Evergrande shares tumble as new debt payment deadline looms

China Evergrande Group, the world’s most indebted property developer, was again flirting with a formal default on Monday night as the end of a 30-day grace period on $82.5m in debt repayments due in November loomed.

Earlier on Monday, the group’s shares tumbled in the first trading since its disclosure on Friday that it would struggle to meet a $260m guarantee obligation and that its chair had been summoned by regulators.

Evergrande’s Hong Kong-traded shares fell 19.6 per cent from their close on Friday to HK$1.81, an all-time low.

The developer had said on Friday evening it had received a demand relating to a $260m guarantee it had issued, but gave no further details. It was not immediately clear if the guarantee had been previously divulged by Evergrande or when payment for it was due.

In its interim annual report released in August, Evergrande said it had issued financial guarantees on behalf of property buyers and business partners totalling Rmb557bn ($87bn).

Evergrande, whose debt crisis began to spiral out of control in September, has at least four bond repayments totalling $610m due by the end of February. The two largest payments, $255m and $235m, are due on December 28 and Jan 24 respectively. A 30-day grace period on the $82.5m in coupon payments was due to expire on Monday.

Evergrande did not say in its Friday announcement what the $260m guarantee was related to but it warned that if it failed to fulfil the guarantee, “it may lead to creditors demanding acceleration of repayment” of other debts.

In September, the Shenzhen-based developer was forced to restructure repayments to retail customers that had bought the group’s high-yield investment products. It also offered to repay investors and suppliers with completed flats rather than cash.

Evergrande later missed initial bond payment deadlines but in each case was able to meet its obligations before the end of subsequent grace periods, avoiding a formal default.

Shortly after Evergrande’s statement on Friday, China’s central bank reiterated its earlier criticism of company management, accusing it of “poor management” and pursuing “blind expansion”.

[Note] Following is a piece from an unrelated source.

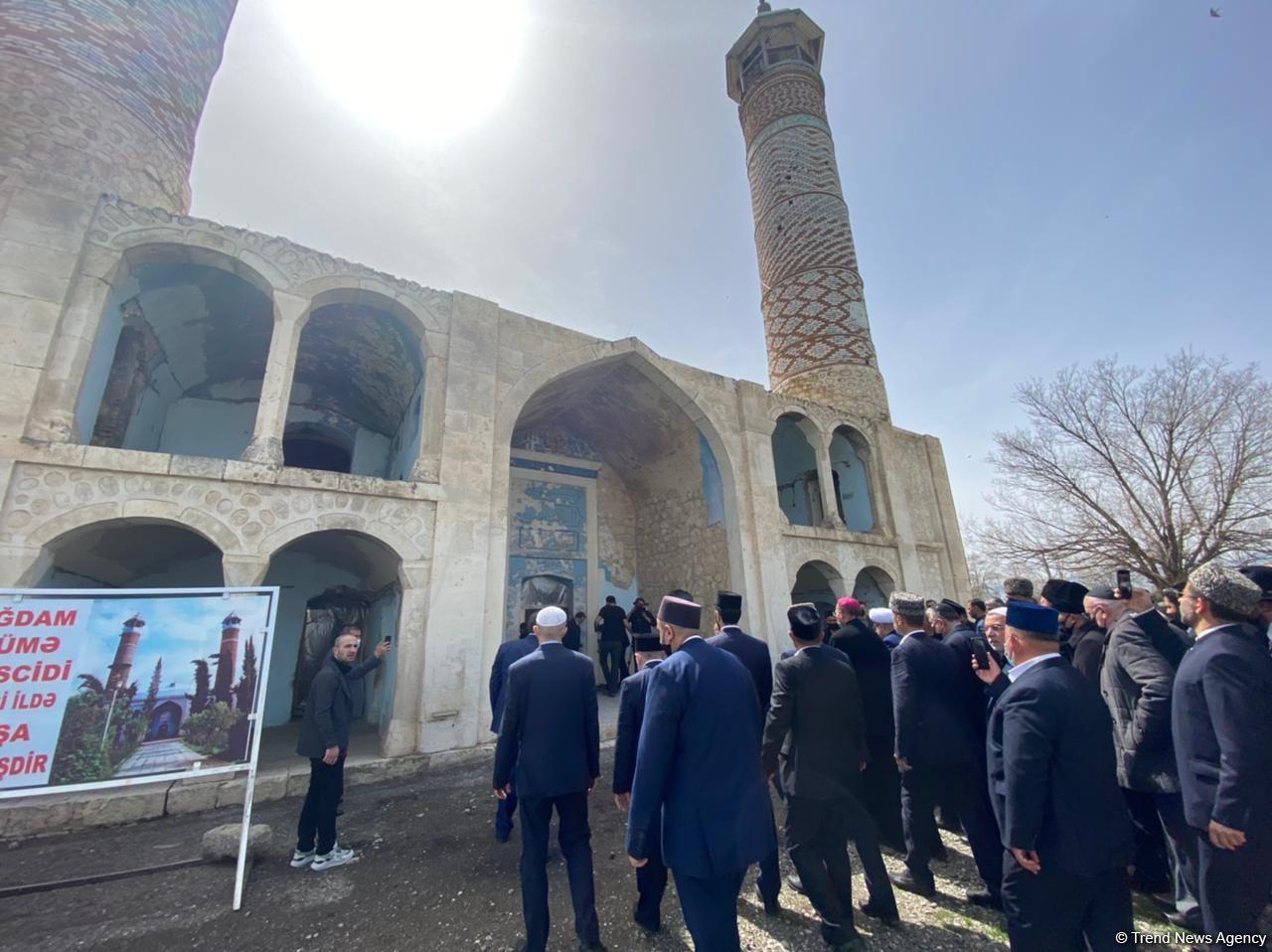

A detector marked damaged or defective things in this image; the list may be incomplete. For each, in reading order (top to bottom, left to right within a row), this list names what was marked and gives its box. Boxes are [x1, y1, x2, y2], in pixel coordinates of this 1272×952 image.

damaged mosque building [0, 1, 966, 763]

In addition to summoning Evergrande’s chair Hui Ka Yan on Friday, the Guangdong provincial government also sent a team to the group’s headquarters to supervise its finances. Hui’s fortune has fallen more than 70 per cent over the past year to $11bn.

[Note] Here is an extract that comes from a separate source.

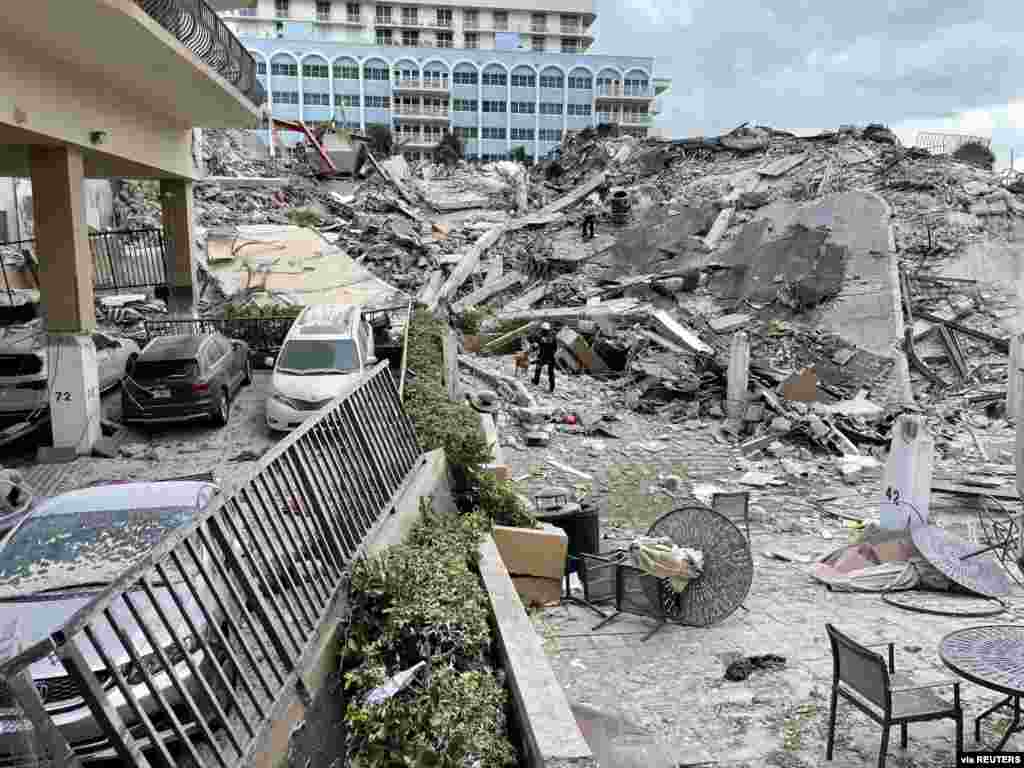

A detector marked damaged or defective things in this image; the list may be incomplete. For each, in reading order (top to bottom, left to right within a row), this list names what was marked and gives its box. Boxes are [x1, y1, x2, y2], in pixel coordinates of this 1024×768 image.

China’s regulators have tried to reassure domestic and international investors that they can contain the fallout from Evergrande. They have said that less than $100bn of the group’s debts are owed to banks, with its loans “relatively dispersed” among creditors.

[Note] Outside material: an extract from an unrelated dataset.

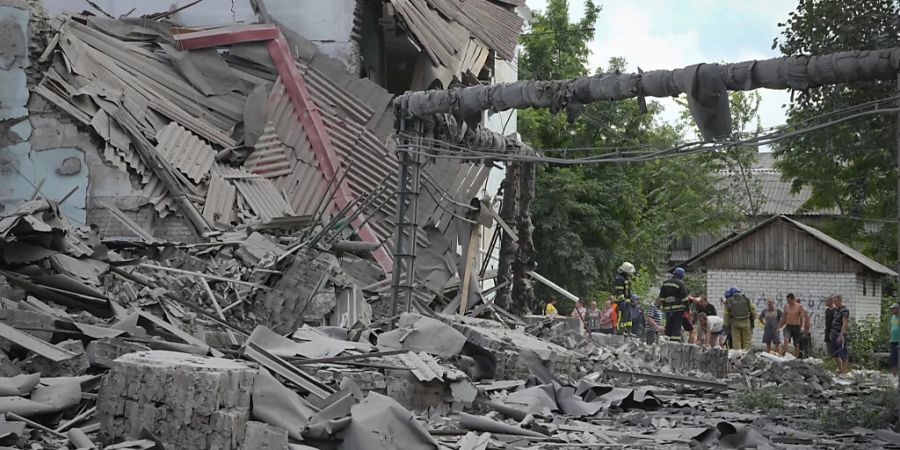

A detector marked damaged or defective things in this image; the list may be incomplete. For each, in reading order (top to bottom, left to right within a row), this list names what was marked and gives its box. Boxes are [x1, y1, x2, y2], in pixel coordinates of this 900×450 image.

shattered roofing panel [155, 122, 216, 184]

Property prices in many of China’s largest cities have plateaued or fallen over recent months — a welcome development for officials now tasked with implementing President Xi Jinping’s new “common prosperity” policy agenda aimed at reducing social inequality.

But with China’s property sector estimated to account for as much as one-third of total economic output, there is increasing concern that the world’s second-largest economy could grow at less than 5 per cent next year.

Demand for urban land plots has fallen sharply over recent months, threatening a critical revenue source for local governments that are also struggling to finance growth-boosting infrastructure investment.

“The biggest growth headwind will be the property downturn,” said Larry Hu, chief China economist at Macquarie. “The tumbling property sector poses significant contagion risk for the Chinese economy.”

The Chinese Communist party is set to hold its annual economic planning meeting over the next few weeks. Policymakers are expected to endorse some easing measures to boost growth moderately at the session, but otherwise continue to strictly police leverage limits imposed on property developers last year.